Internal Actions: At a senior level, we will hold ourselves accountable to the statements we make, and adhere to our actions plans, continuing the dialogue surrounding racism within our office and industry. Office-wide, internal roundtable sessions to inform and educate on how to be actively anti-racist in projects work and in everyday life, and on our role as landscape designer/architects/planners will recur throughout the year; working groups are beginning to meet regularly, focusing on short- and long-term, continuous commitment both inside the office and out in the field. With respectful exchange in a safe and open forum, we aim to grow our understanding in order to change behaviours, which will ultimately benefit the work we produce as social and environmental advocates. Together, we will practice anti-racist allyship—and have the difficult conversations—whenever they arise.

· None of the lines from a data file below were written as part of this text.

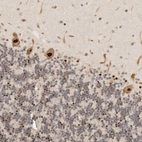 Anti-GPBP1L1 Antibody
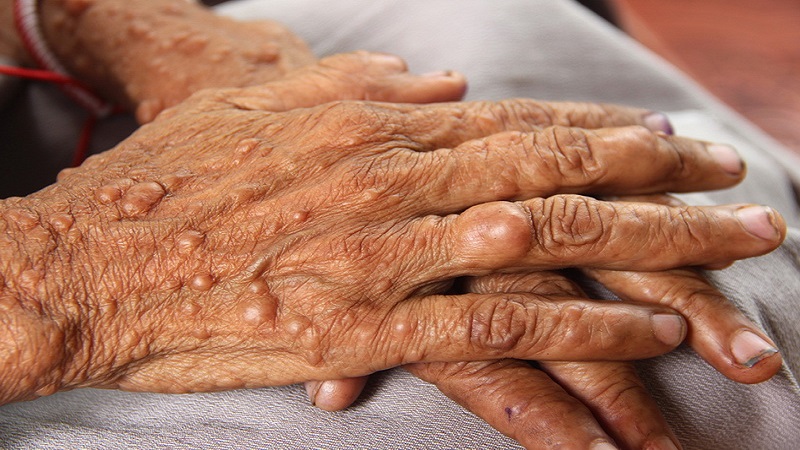 اختلال ژنتیکی نوروفیبروماتوز و علت آن | مشاوره ژنتیک اصفهان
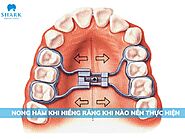 Nong hàm khi niềng răng là gì? Các trường hợp cần nong hàm
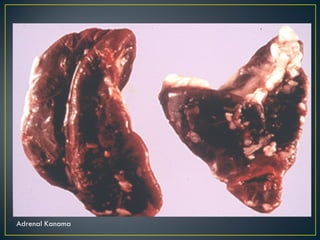 Adrenal Kanama 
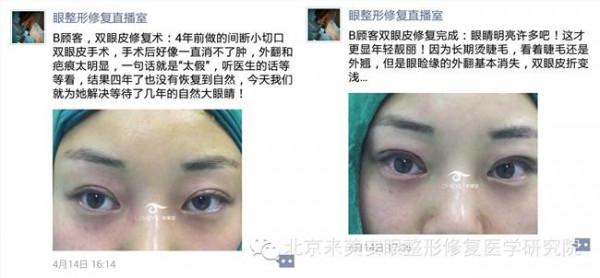 >王振军双眼皮修复5 2015年3月4日B顾客 双眼皮修复术后6个月恢复过程及效果展示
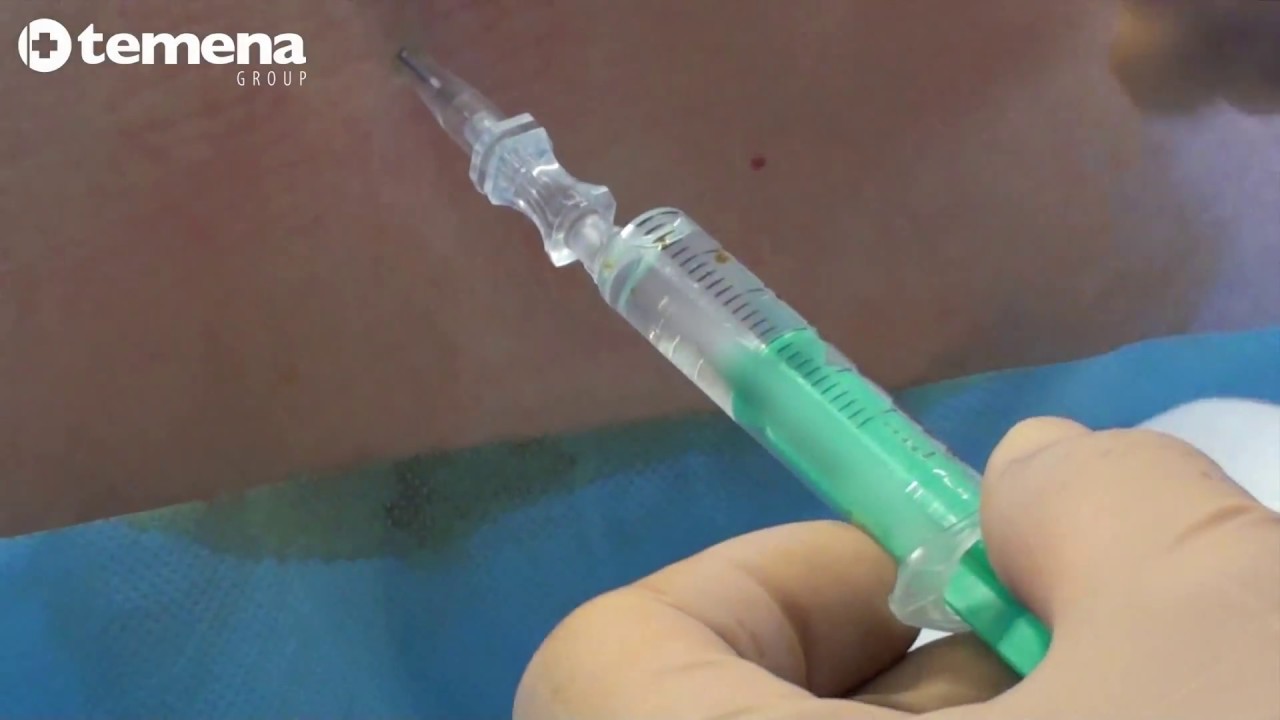 Réalisation d'une rachianesthesie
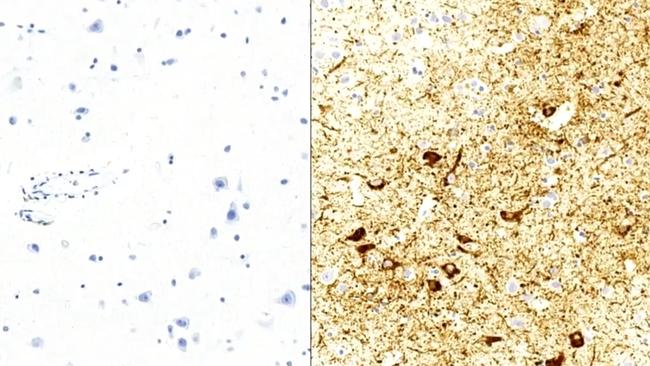 These are tissue samples – a healthy brain on the left, the right Keith's with brown CTE lesions. Photo: Channel 9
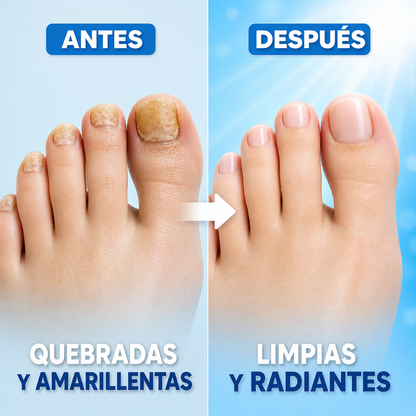 NailLaser Pro Láser para Hongos en las Uñas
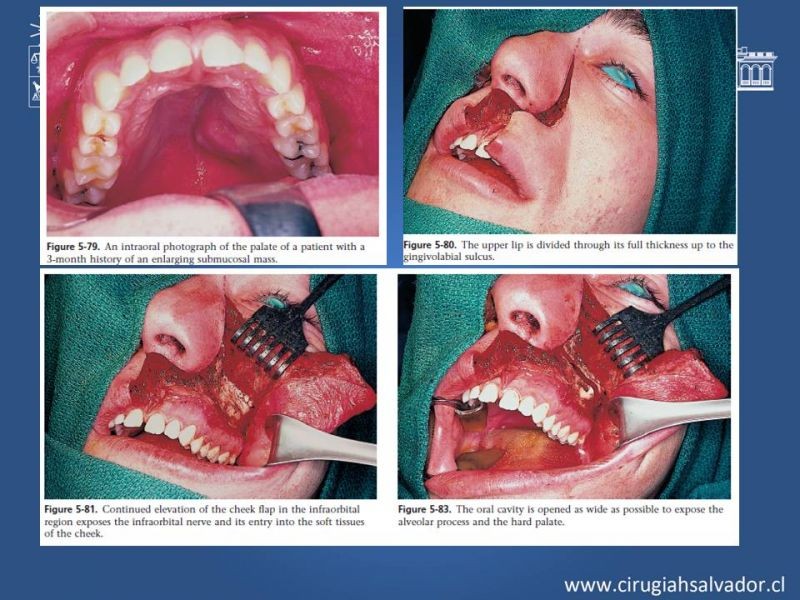 Diapositiva 21 de Tumores de Senos Maxilares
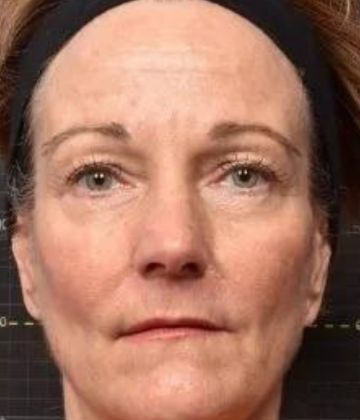 After Face Sofwave Treatment Picture in Montreal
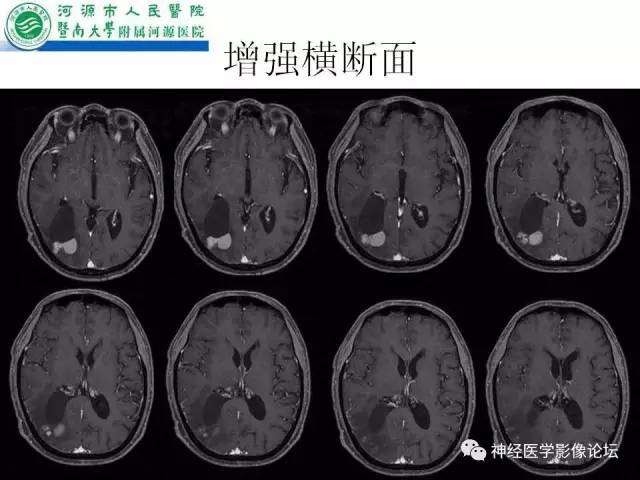 【病例】肺腺癌颅内囊性转移瘤1例CT及MR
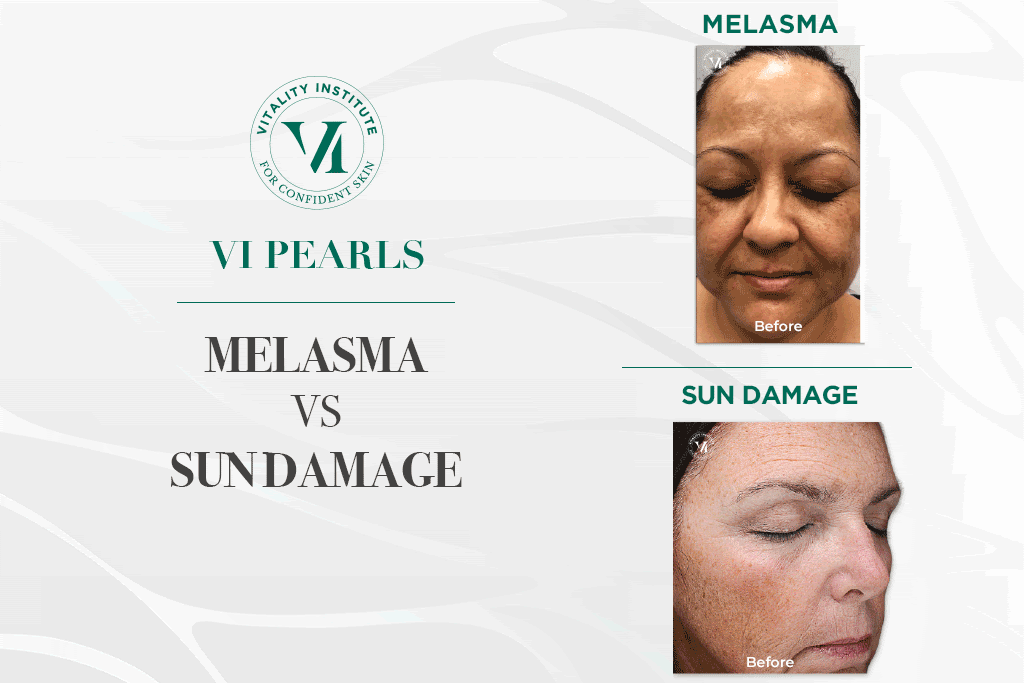 before and after gif of Melasma and sun damage treatments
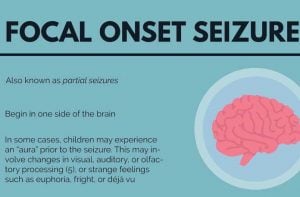Partial Seizures (Focal Seizures) Guide – 10 Facts to Know | New Life ...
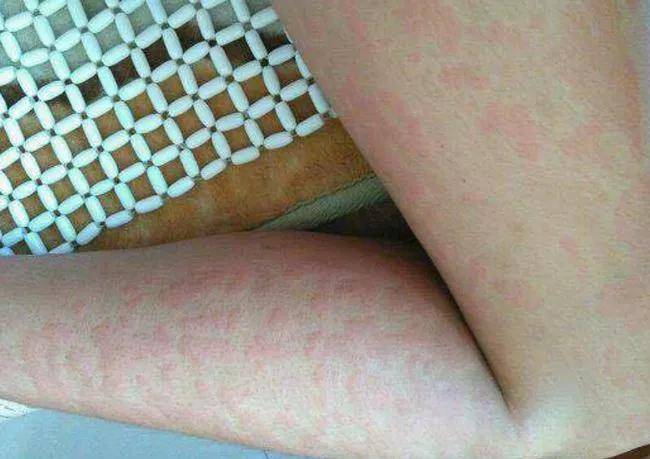 热性荨麻疹照片图片
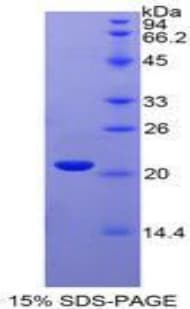 Human IFNA4 / Interferon Alpha 4 Protein (Recombinant His)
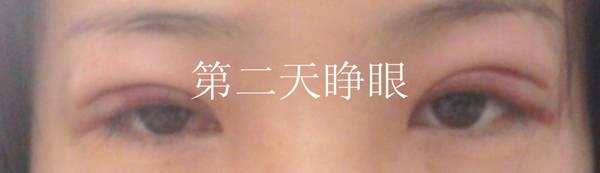三點雙眼皮恢復(fù)過程圖_韓式三點雙眼皮多久恢復(fù)自然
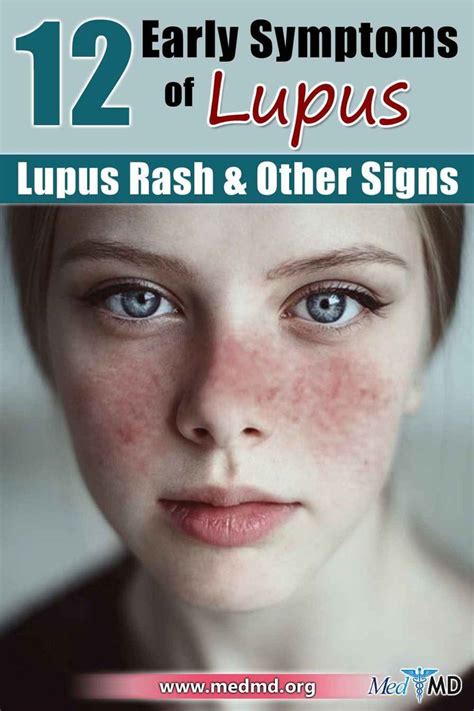 Lupus Symptoms Face Rash Remedies, Subacute Cutaneous Lupus, Systemic ...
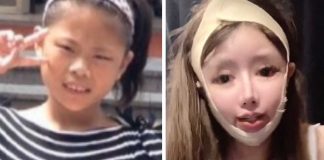 Jovem de 16 de anos faz mais de 100 cirurgias plásticas em apenas 3 anos Jovem de 16 de anos faz mais de 100 cirurgias plásticas em apenas 3 anos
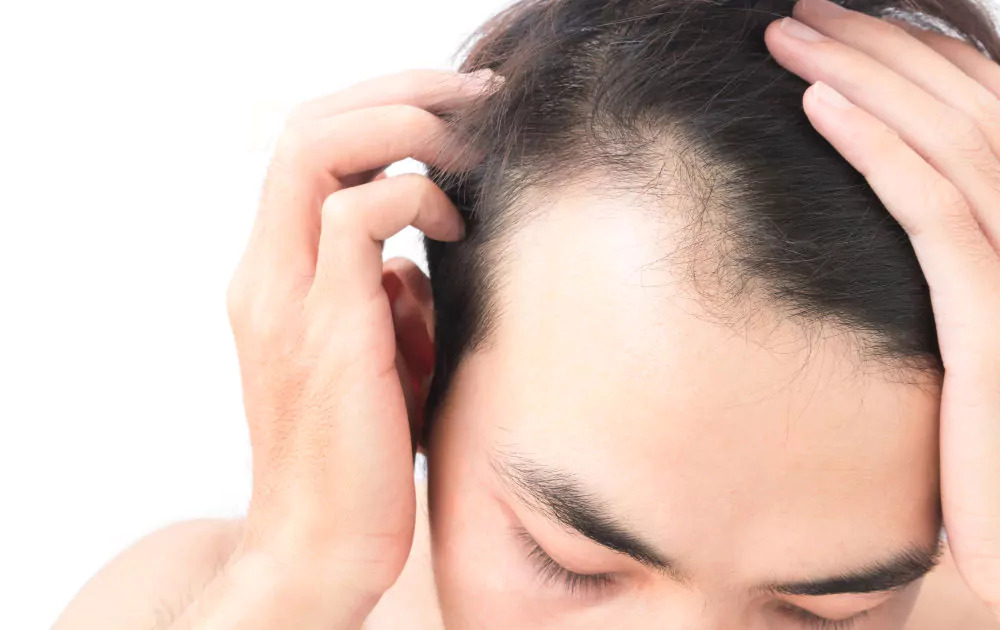 19 Best (& Worst) Male Hairstyles For A Receeding Hairline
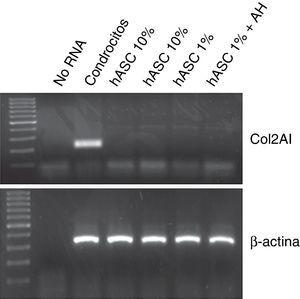 Expresión de mRNA para colágeno tipo 2 mediante RT-PCR. El fragmento específico para colágeno tipo 2 (204pb) solo se observa en condrocitos (control positivo), mientras que todas las muestras de células contenían el fragmento de ß-Actina (309pb).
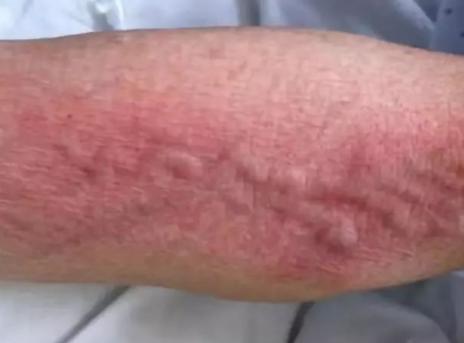 葡萄糖酸钙过敏怎么处理,葡萄糖酸钙口服液加vc治疗过敏吗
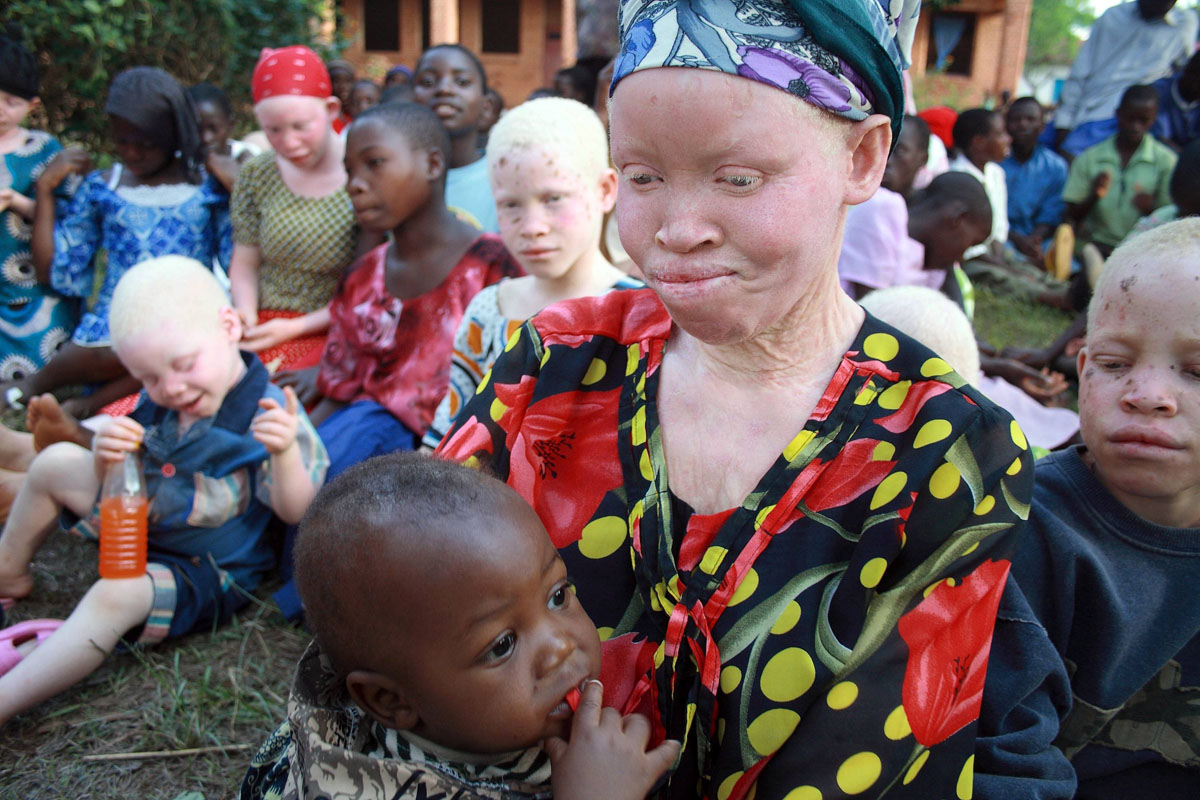 Albinos en África: la maldición de los niños 'blancos', image size:1200x800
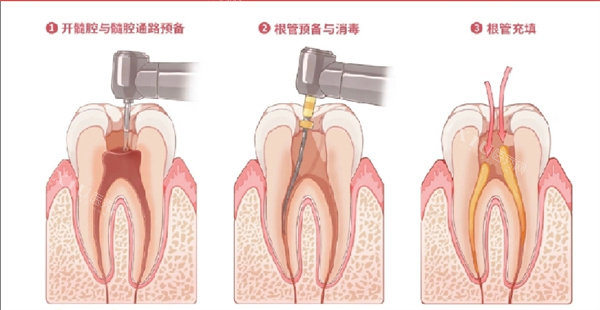 根管治疗展示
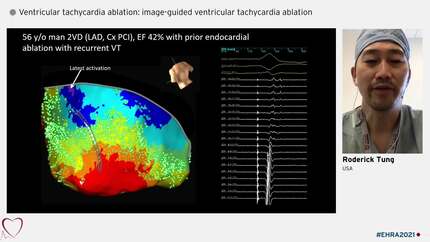 Identifying useful targets for ventricular tachycardia ablation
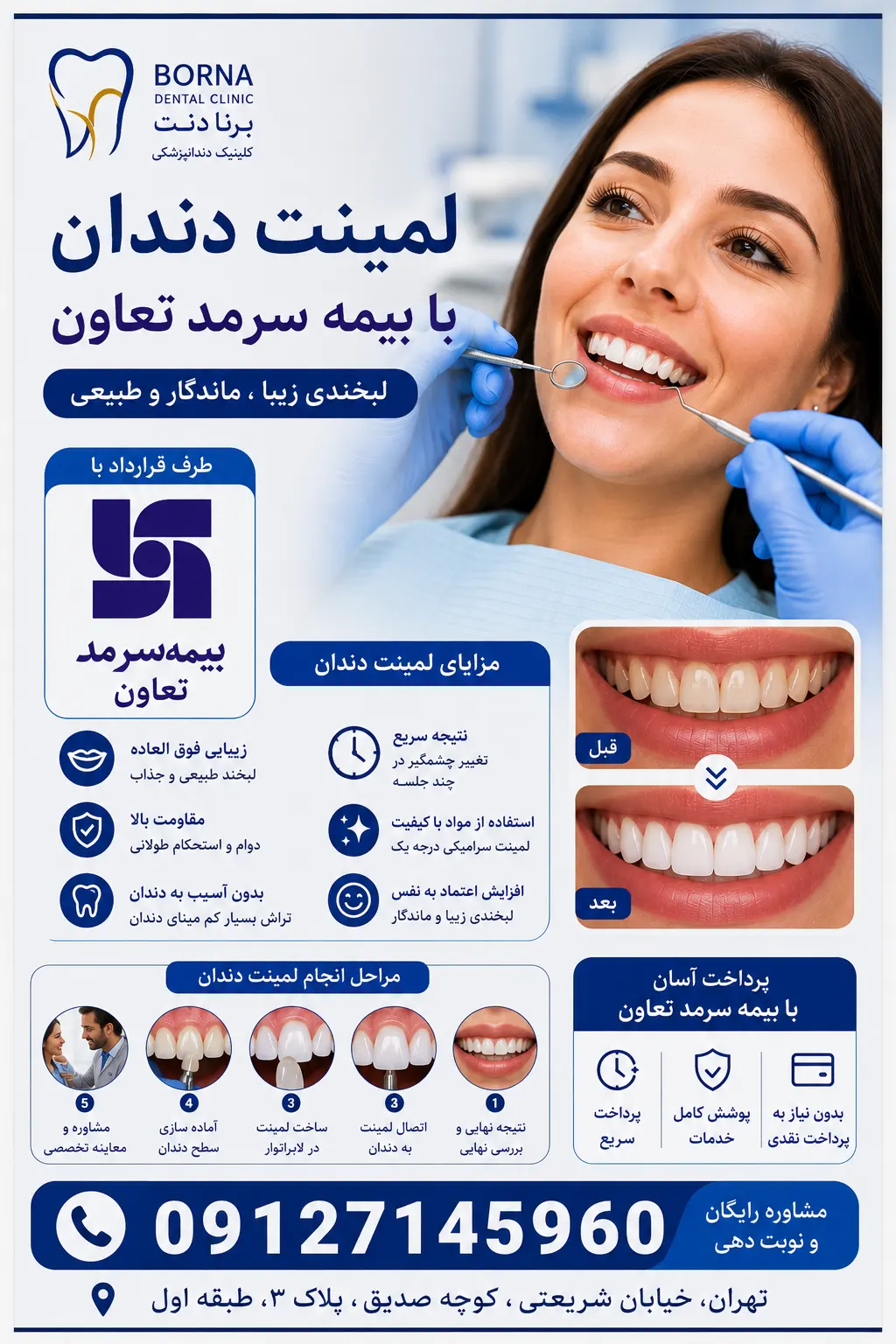 لمینت دندان با بیمه سرمد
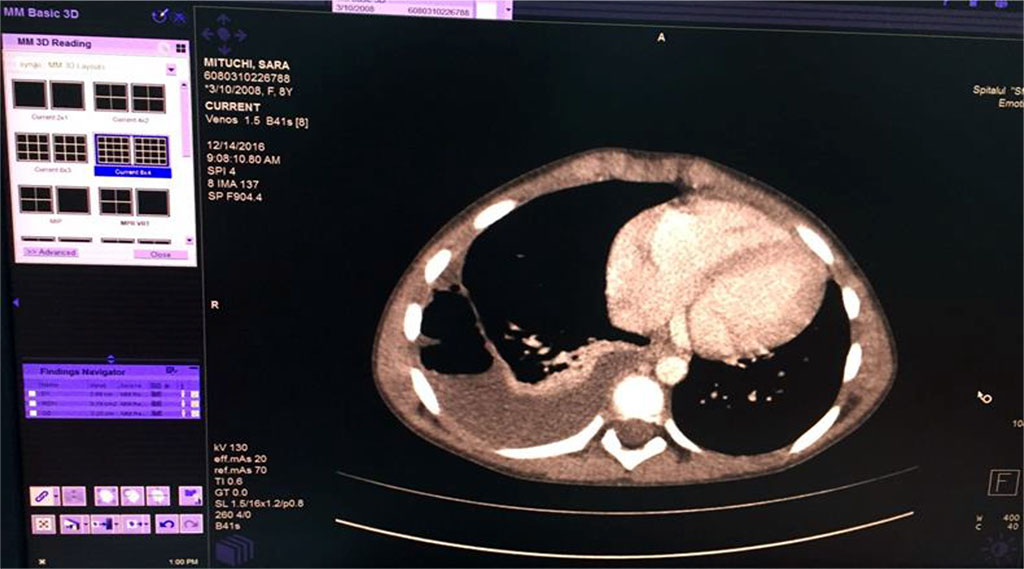 Fig. 5 Right empyema with the thickness of fluid of 27 mm and 22mm thickness of air level
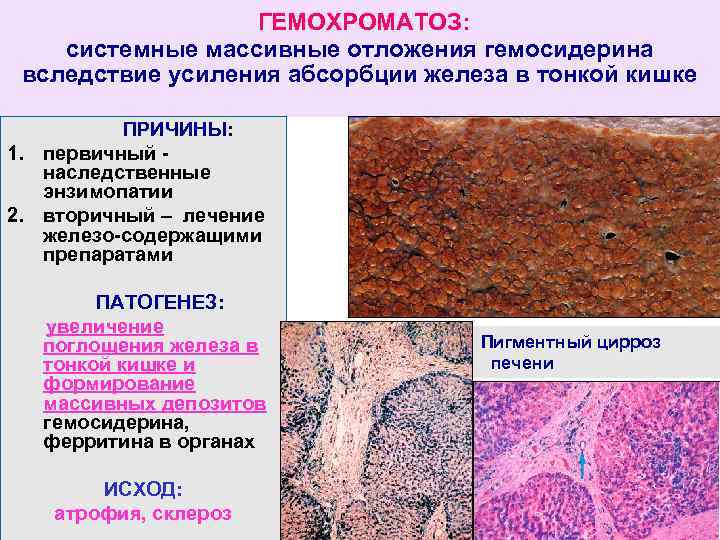ГЕМОХРОМАТОЗ: системные массивные отложения гемосидерина вследствие усиления абсорбции железа в тонкой кишке ПРИЧИНЫ: 1.
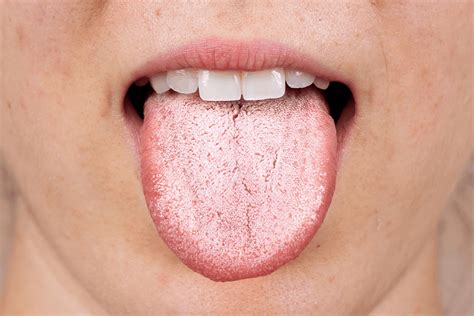 How Many Of You Have A White Coated Tongue Rbrainfog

External Actions: Externally, we commit as an office to hiring subject-matter experts, and learning and instituting strategies to adapt our approach and design with increased awareness of spatial issues in landscape and planning that adversely affect Black people, Indigenous people and people of colour. We will begin to support racialized communities: Skills sharing partnerships, community building, and capacity-building within marginalized communities will be PWL Partnership’s focus.
For us, initiatives are in their beginning stages to increase awareness and dialogue surrounding the many forms racism takes. By reflecting on our own actions and effects of our work, we will learn to effectively practice allyship with Black people, Indigenous people, and people of colour, so that together, we can re-envision and plan culturally robust, sustainable places that affirm and welcome all.